Le prix Renaudot est revenu à Nina Bouraoui, écrivaine française de père algérien, pour Mes mauvaises pensées.

Quand, plusieurs mois avant sa parution, M. Houellebecq parlait aux médias de son livre, le discret Weyergans, 64 ans, sorte de Woody Allen belge tombé en littérature, peinait à terminer un manuscrit dont personne ne savait la date de sortie.

Il l'a achevé in extremis pour prendre en marche, début octobre, le train du Goncourt.

Déjà, en juillet 2003, son éditeur, Grasset, faisait savoir que le roman, dont la parution était déjà régulièrement repoussée, sortirait sous peu!

La force de Weyergans est d'avoir intégré l'attente du livre à venir à son projet littéraire. «J'ai honnêtement eu du mal à le finir.
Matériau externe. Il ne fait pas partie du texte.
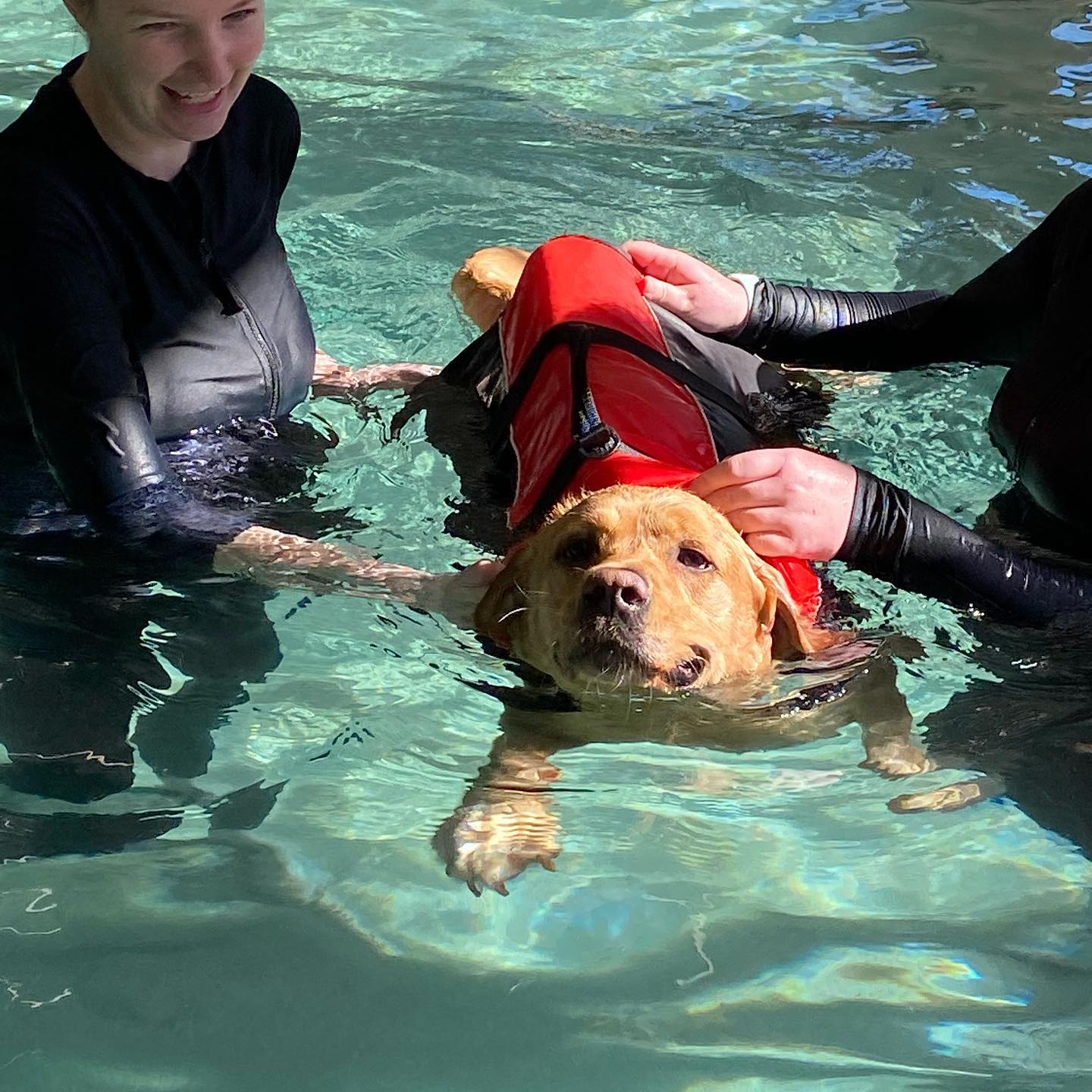 k9 swimming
Je l'ai terminé dans des états que je qualifierais de sub-dépressifs», a dit cet automne cet écrivain aussi exigeant que torturé.
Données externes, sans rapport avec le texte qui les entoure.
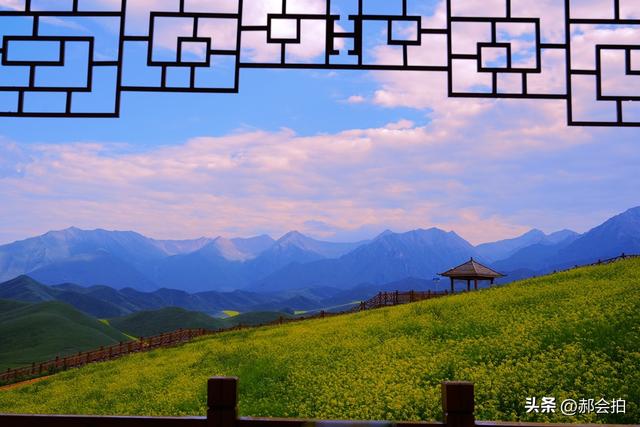 青海门源万亩油菜花海：登上四个观景点，各有风情入画来！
Le roman raconte l'histoire d'un homme, le double de l'auteur, François Weyergraf, qui n'arrive pas à finir Trois jours chez ma mère dont le narrateur, François Graffenberg, aurait envie d'écrire les aventures d'un certain François Weyertein...

En recevant le prix, François Weyergans a déclaré avoir tout de suite informé sa mère, âgée de 91 ans, qui s'est montrée, a-t-il dit, «très émue et très heureuse».

Dans un communiqué, le ministre français de la Culture et de la Communication, Renaud Donnedieu de Vabres, a félicité François Weyergans pour son prix «tellement mérité», affirmant que Trois Jours avec ma mère était un «hommage sensible et distancié, tout empreint de tendresse».

Dans Mes mauvaises pensées, Nina Bouraoui, 38 ans, née à Rennes d'un père algérien et d'une mère bretonne et qui a passé ses 14 premières années en Algérie, parle des questions qui la hantent depuis toujours comme l'amour, l'homosexualité, la famille.

Il ne s'agit pas du récit d'une thérapie, d'une analyse, mais bien d'un roman, à l'ambition hypnotique, parce que, explique l'écrivaine, «c'est une histoire rapportée: celle de ma famille, [...] de mes deux pays: je n'ai jamais quitté l'Algérie, on m'a enlevée à l'Algérie, je n'ai jamais fait mes adieux, j'ai appris à "devenir" en France, et je crois que je suis née deux fois».

«C'est une longue déclaration d'amour de 300 pages à la vie, à l'Algérie, à la France, à l'écriture. C'est un livre très humain, sur les séparations, sur les rencontres, et, surtout, c'est un long travail littéraire, et ça, j'y tiens beaucoup», a expliqué Mme Bouraoui.

Enfin, Gilles Martin-Chauffier est le lauréat du prix Renaudot de l'essai pour Le Roman de Constantinople (Le Rocher).